The Sparks of Class Warfare in Park City
I was sitting in yesterday afternoon’s Park City School Board public meeting on rebuilding the Kearns Campus, when a person made a very emotional plea. She said that she lived in Highland Estates and that last year’s School District tax increase almost caused her to sell her house. She said that if there is another bond that raises her property taxes she won’t be able to afford it. Her concern turned to anger when she spoke about adding on to schools that would enable Promentory residents (who are outside of our district) to attend Park City schools without paying their fair share.
Another person asked if residents of the new Park City Heights development would have to pay extra taxes, in response to a comment by school board officials that said they needed to add-on to McPolin Elementary to support the growth that will come from Park City Heights.
Another person brought up Park City High School and how $50 million of public money had been spent on building the school “and it has not gone well.”‘ Another person asked whether the school district had their financial estimates peer reviewed to ensure they were accurate.
At the most civil level, it highlights that people are starting to pay attention to how public money is being used — which is a good thing. At a less comfortable level, it highlights that many people who have lived here for a long time are getting fed up with how money is being spent and even more so at being priced out of the market.
Some might say, “that’s why we need affordable housing.” Yet, that ignores that a home owner who has lived in Silver Creek for 20 years probably doesn’t want to be forced to move to an apartment so they can continue to live around Park City. It’s an issue that runs through almost every decision that is made, and it crosses almost every traditional boundary.
For instance, most people want better schools.
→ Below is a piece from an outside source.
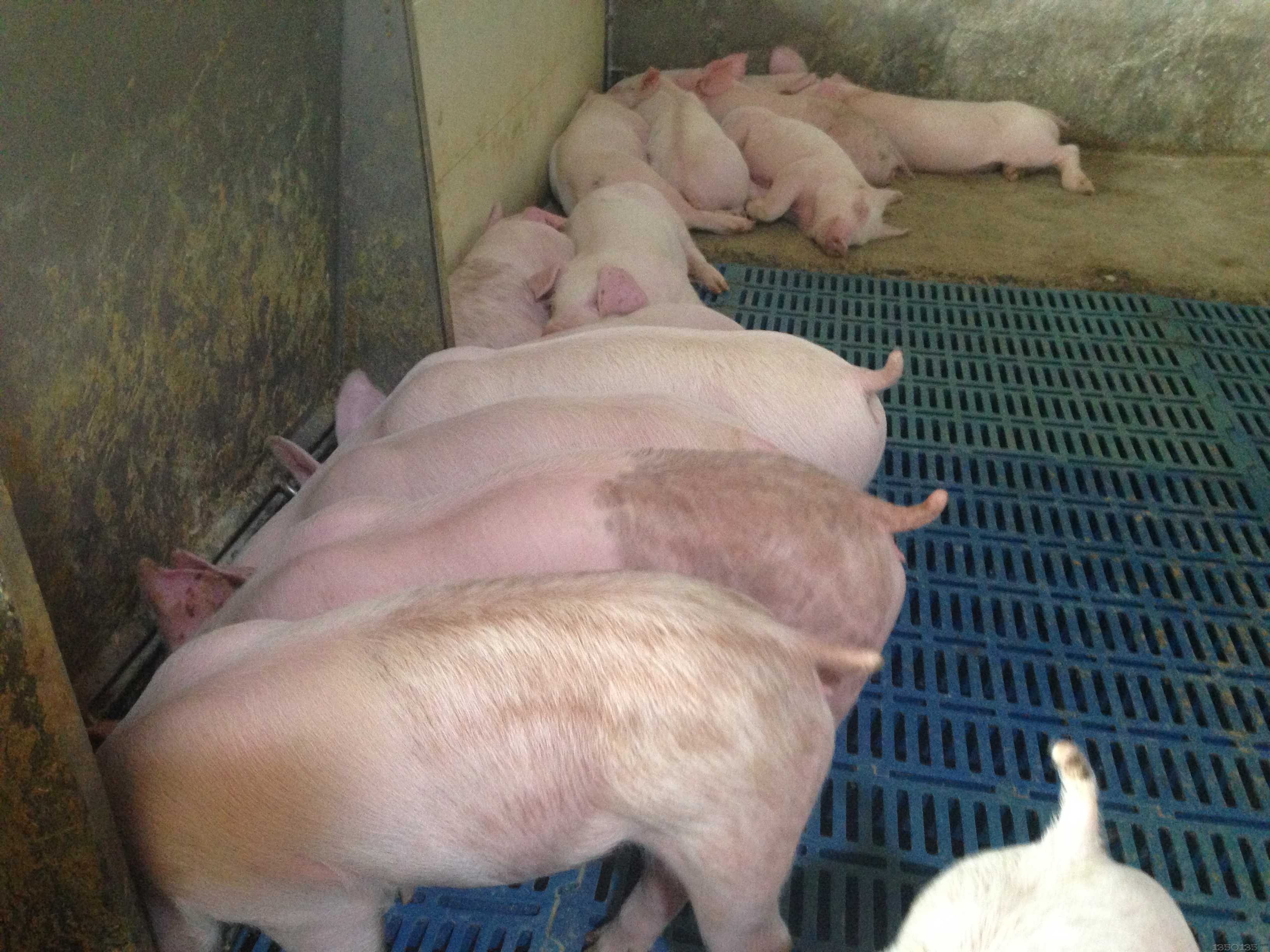 高温高湿的闷热即将到来，夏季如何预防猪中暑应激呢？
They also want lots of primary residents to live here to keep the community aspect of Park City intact. They don’t want sprawl or growth because that ruins the open space we have become accustomed to. They also don’t want higher taxes.
Yet, if we want better schools, either through newer buildings or the best teachers, that costs money. Secondary home owners pay much more in taxes than primary residents. The alternative to second homes is more commercial growth to increase the tax base. That induces growth.
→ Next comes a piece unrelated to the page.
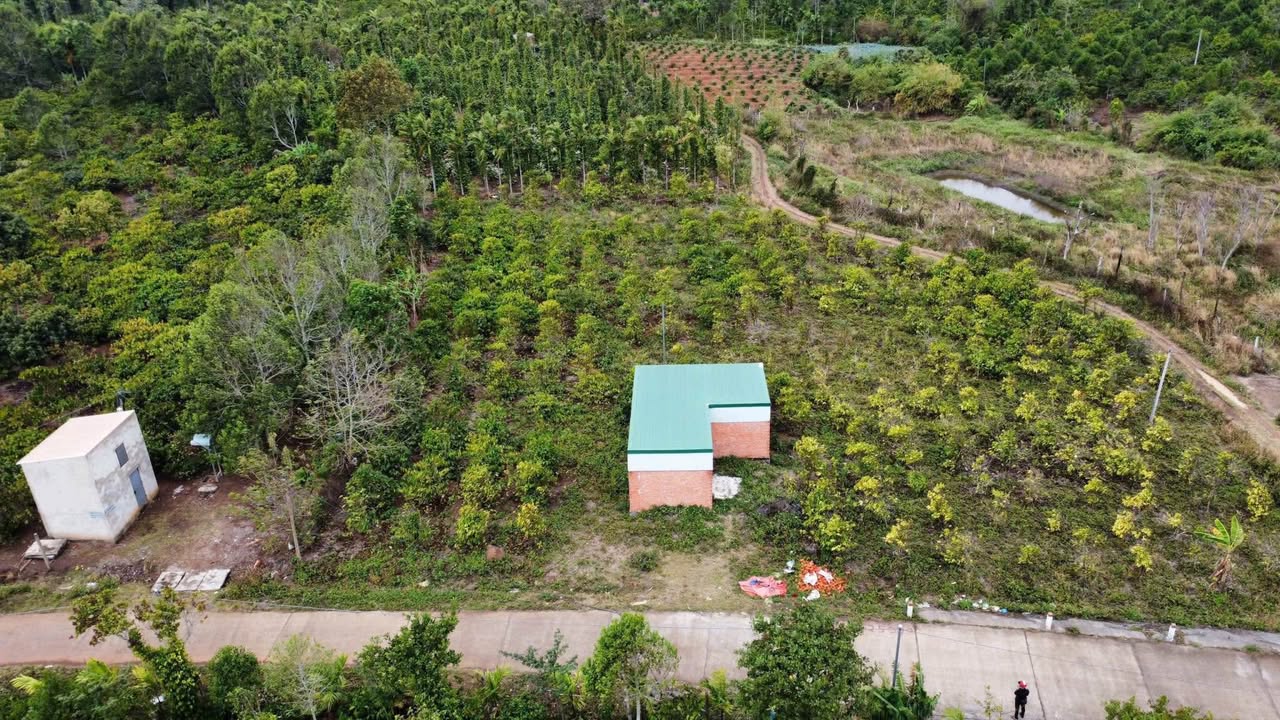 Đất Farm Phường Ea Tam 2600m² giá chỉ 1.2 tỷ - Cơ hội đầu tư tuyệt vời!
It’s two diametrically opposed ideas, that are so far apart, common ground will likely be hard to find. It goes beyond transportation issues, affordable housing, and all the other “hot button” items. It’s a question of how Park City finds a way to stay true to itself — and in a way that should dominate every single decision.
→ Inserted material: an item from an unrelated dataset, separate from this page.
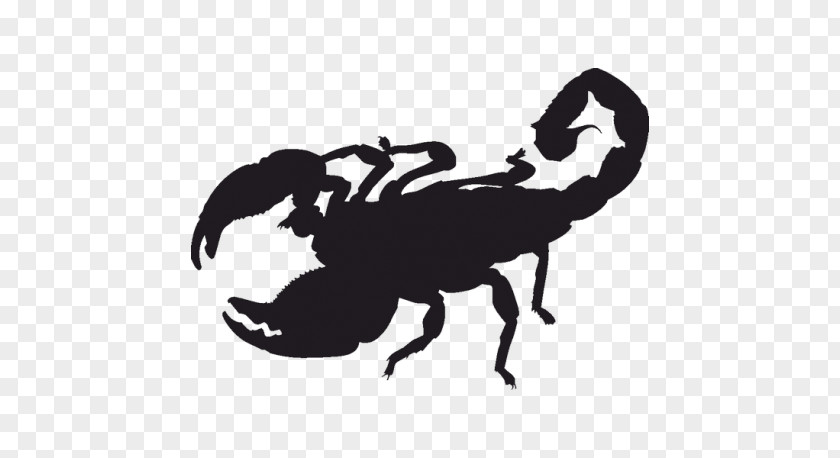 Scorpion Silhouette Clip Art PNG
A few years ago, a couple of people camped out in City Park in the name of Occupy Park City. The occupy movement was about inequality across America. While those people have since left City Park, the inequality still exists. And while many people want to focus on buzz words like “Keeping Park City Park City” the problem is bigger than that.
If yesterday’s meeting was an indicator of the beginning of a shift in sentiment of community residents, our leaders had better start to pay attention quickly. For this is a spark could become a full-fledged flame.
If you want a good look at inequality, look at the salaries of the first 3 years for teachers versus the cutoff for Section 8 housing assistance. If a teacher were to be single with a kid or two, they are in the grey area of Section 8 qualification. They would qualify, but law mandates that the funds go to people who make even less. Interesting. High quality educators unable to live in the community they educate. The salaries and housing law are publicly available, it just takes connecting the dots.